Designed and built between 1925 and 1931, this modernist World Heritage–listed factory northwest of the city centre is an icon of 20th-century industrial architecture. Often described as a 'glass palace' (it's largely constructed of steel and glass), it functioned as a state-of-the-art coffee, tea and tobacco factory until the 1990s and now houses creative industries. Though closed to the public, the factory sometimes offers guided tours on weekends at 1pm (adult/child under 13 years €8.50/5); check the factory website for details. Urban Guides also runs one-hour guided tours (€15 per person) at noon on most Saturdays and Sundays (book ahead).
The Urban Guides tours have access to some, but not all, parts of the factory, peeking into the management building and then crossing to the factory's electricity plant (the second built in Rotterdam) on one of the building's distinctive diagonal bridges. The tour ends in the tobacco factory, which has light-drenched spaces where workers toiled, twin stairways (one each for male and female workers, so as to prevent fraternisation) and a large cafeteria.
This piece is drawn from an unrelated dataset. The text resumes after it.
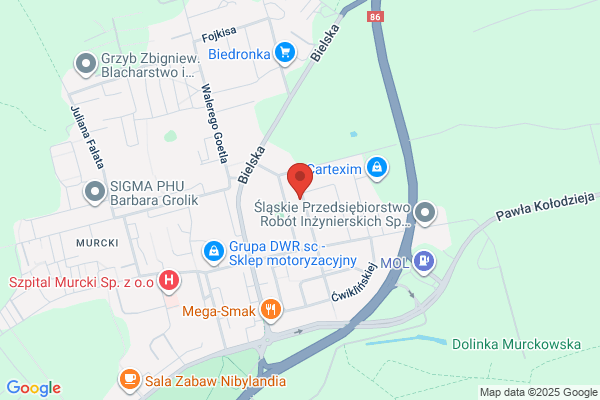 Klaus Karol. Zaklad palowania obiektów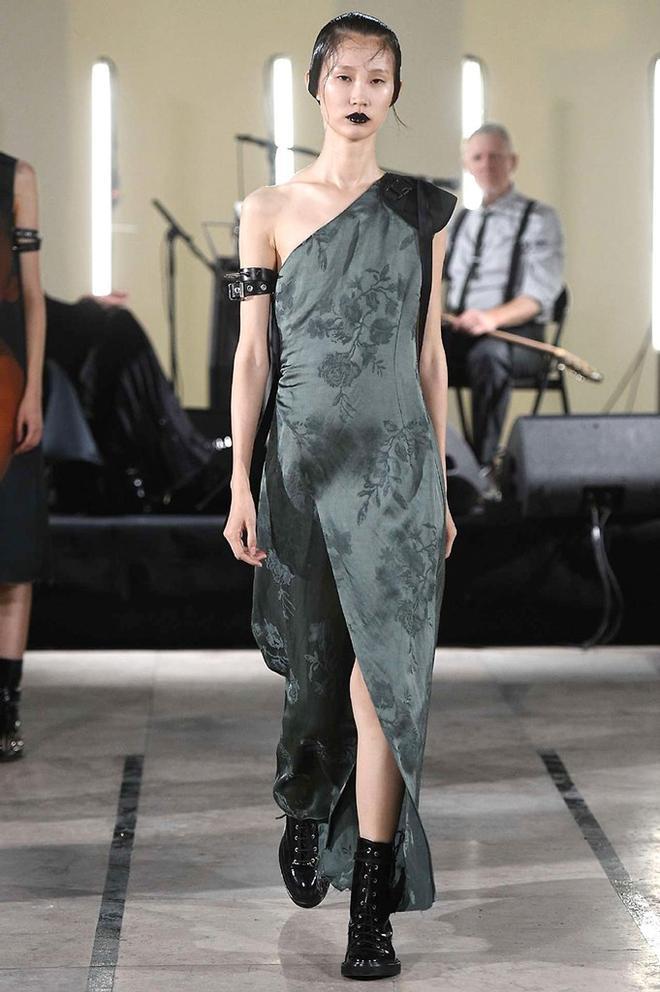 Yang Li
At the time of research, architecture-focused De Rotterdam Tours was considering adding a dedicated tour of the factory to its program. An on-site information centre at the factory is scheduled to open in November 2018.
The orange-and-blue low bunker to the east of the factory is the De Schie Penitentiary, designed by CJM Weeber and constructed between 1985 and 1989. Its startlingly vivid colour scheme is in stark contrast to its dark function.